TASK BRIEF:
Below is a listing. Return the lines from the one that contains "Πίνακας σε καμβά Pink roses in vase, κοντινό" to the one that contains "Rustfri stålopbevaringsvogn", both ends included, verbatim and with no pictures.

*** Opening of EXCERPTED DATA ***

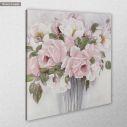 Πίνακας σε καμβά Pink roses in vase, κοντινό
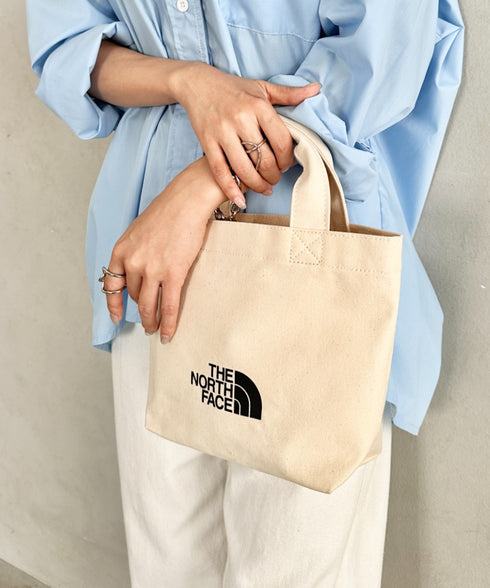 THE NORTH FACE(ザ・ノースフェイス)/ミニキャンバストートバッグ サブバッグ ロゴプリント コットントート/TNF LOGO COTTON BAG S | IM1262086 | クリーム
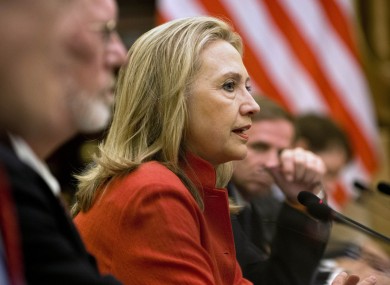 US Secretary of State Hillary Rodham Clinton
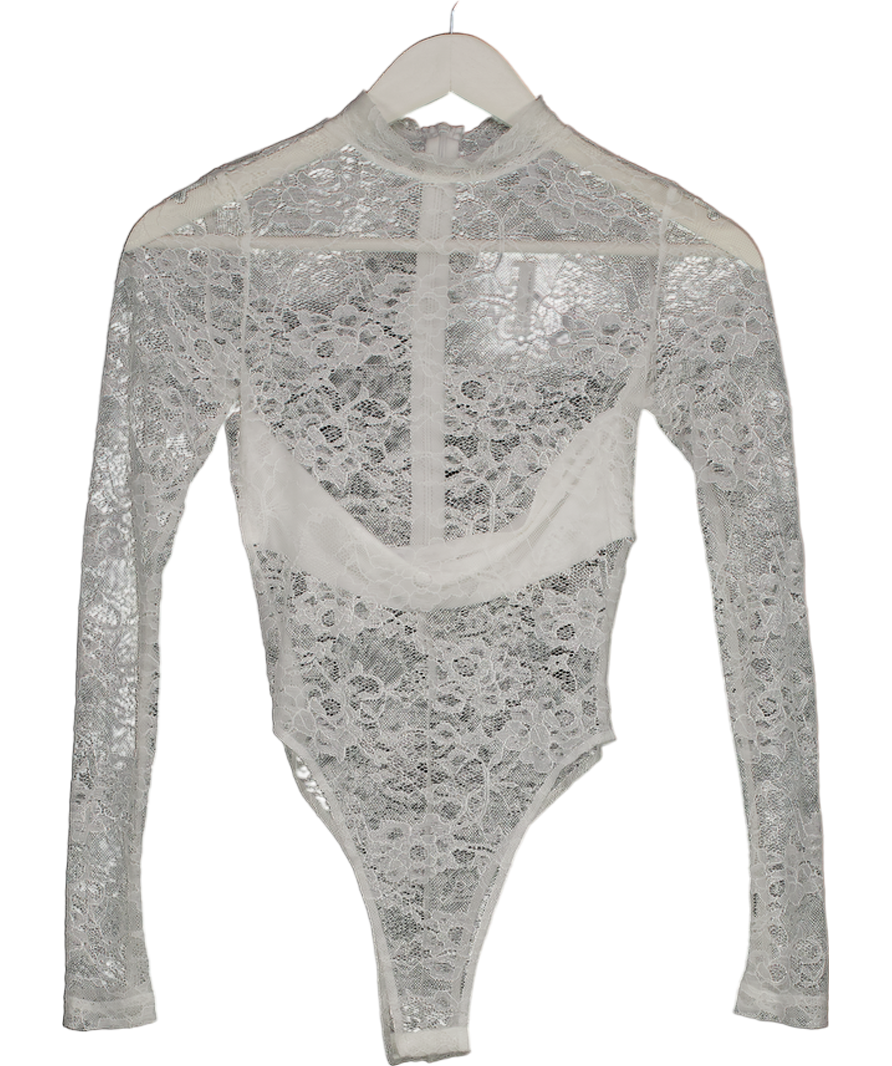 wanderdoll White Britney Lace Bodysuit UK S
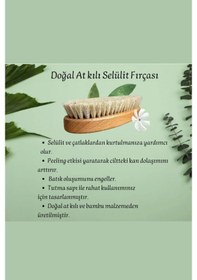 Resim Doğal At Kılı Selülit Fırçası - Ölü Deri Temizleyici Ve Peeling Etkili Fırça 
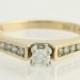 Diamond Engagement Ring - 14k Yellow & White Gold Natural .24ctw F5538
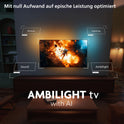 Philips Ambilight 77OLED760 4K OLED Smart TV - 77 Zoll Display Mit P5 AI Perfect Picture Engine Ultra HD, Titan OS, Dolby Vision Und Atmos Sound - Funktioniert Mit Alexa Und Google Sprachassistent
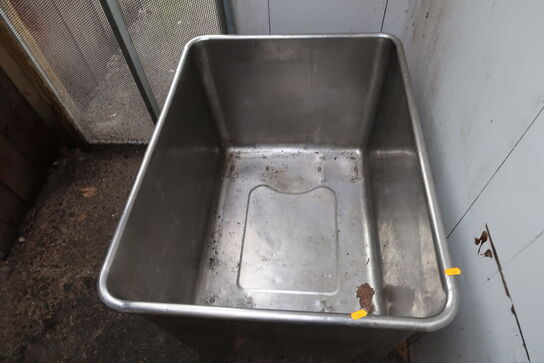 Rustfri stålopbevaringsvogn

*** Close of EXCERPTED DATA ***
*** Opening of EXCERPTED DATA ***

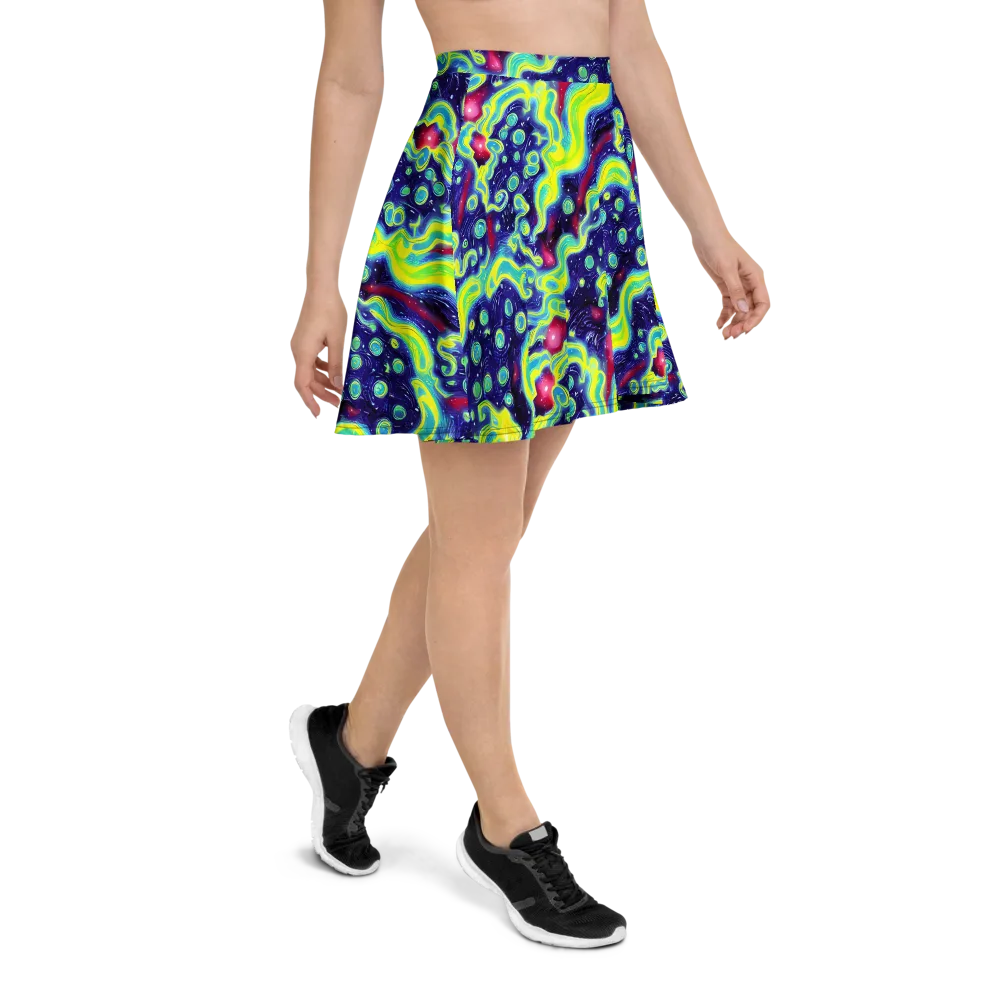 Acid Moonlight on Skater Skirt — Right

*** Close of EXCERPTED DATA ***
*** Opening of EXCERPTED DATA ***

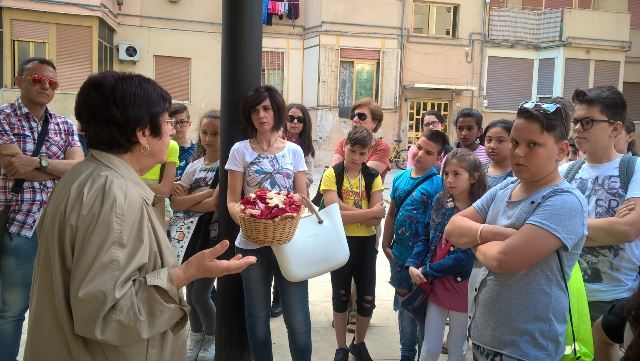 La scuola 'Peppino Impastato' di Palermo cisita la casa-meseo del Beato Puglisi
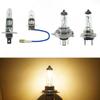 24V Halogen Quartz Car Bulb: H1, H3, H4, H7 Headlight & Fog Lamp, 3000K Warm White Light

*** Close of EXCERPTED DATA ***

TASK ANSWER:
 Πίνακας σε καμβά Pink roses in vase, κοντινό
 THE NORTH FACE(ザ・ノースフェイス)/ミニキャンバストートバッグ サブバッグ ロゴプリント コットントート/TNF LOGO COTTON BAG S | IM1262086 | クリーム
 US Secretary of State Hillary Rodham Clinton
 wanderdoll White Britney Lace Bodysuit UK S
 Resim Doğal At Kılı Selülit Fırçası - Ölü Deri Temizleyici Ve Peeling Etkili Fırça 
 Diamond Engagement Ring - 14k Yellow & White Gold Natural .24ctw F5538
 Philips Ambilight 77OLED760 4K OLED Smart TV - 77 Zoll Display Mit P5 AI Perfect Picture Engine Ultra HD, Titan OS, Dolby Vision Und Atmos Sound - Funktioniert Mit Alexa Und Google Sprachassistent
 Rustfri stålopbevaringsvogn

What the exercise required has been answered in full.